Database locks are used to deal with concurrency problems and ensure data consistency under concurrency.
Although we did not use the lock in the process of development, our program can also be normal execution, that is because the database help us implicitly add the lock, according to the way of use can be divided into: pessimistic lock and optimistic lock; According to the granularity can be divided into: global locks, table locks and row locks, and in the event of deadlock how to resolve.
1, optimistic lock and pessimistic lock applicable scenarios:
Pessimistic lock: It is suitable for scenarios with frequent write operations. If a large number of read operations occur, locks will be added each time the read operations occur, which increases the overhead of locks and reduces the throughput of the system.
Optimistic lock: Applies to scenarios where read operations are frequent. If a large number of write operations occur, data conflicts are more likely. To ensure data consistency, the application layer needs to continuously obtain data, which increases a large number of query operations and reduces the throughput of the system.
Conclusion: Both methods have their advantages and disadvantages. Optimistic locks are used for frequent reads and pessimistic locks are used for frequent writes.

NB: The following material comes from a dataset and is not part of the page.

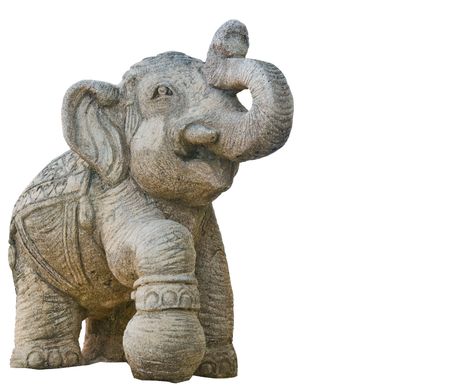 elephant Sculpture isolated on white backgroundの写真素材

2, pessimistic lock and its principle
Pessimistic locks:
Pessimistic lock thinks that the data will be modified by others. In order to prevent modification, when I get the data, I lock it, so that others can not get my data, only after I complete the operation to release the lock, the next person can get my data. Pessimistic locking implementations simply add for update to the statement.
It’s an exclusive lock, locked regardless of reading or writing. Traditional relational database inside used a lot of this locking mechanism, such as row lock, table lock, read lock, write lock, etc., are in the operation before the first lock. Exclusive locks such as synchronized and ReentrantLock in Java are implementations of the pessimistic locking idea.

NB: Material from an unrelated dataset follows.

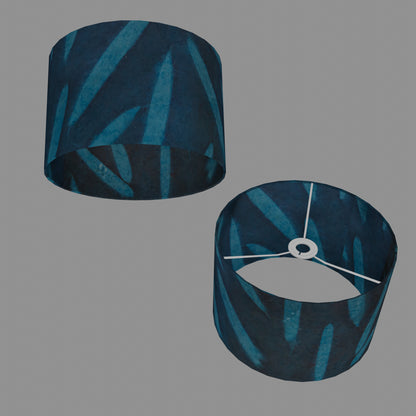 Drum Lamp Shade - P99 - Resistance Dyed Teal Bamboo, 30cm(d) x 20cm(h)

3. Optimistic locking and its principle
Optimistic locking:
Each time the data is acquired, the data will not be modified, so the data will not be locked. Since the data is not locked, the data can be read and written by other threads.
How optimistic locking works:
Optimistic locking is mostly implemented based on the data Version recording mechanism. What is data version? Adding a version identifier to the data is typically done in a database table-based version solution by adding a “Version” field to the database table (adding a field version to the table). This version number is read with the data when it is read, and is incremented with the version number when it is updated later. In this case, the version of the submitted data is compared with the current version of the database table. If the version number of the submitted data is greater than the current version number of the database table, the submitted data is updated. Otherwise, the submitted data is considered to be expired.
Implementation of optimistic locking:
Add a version field of type int to the database and entity classes to generate getter and setter methods.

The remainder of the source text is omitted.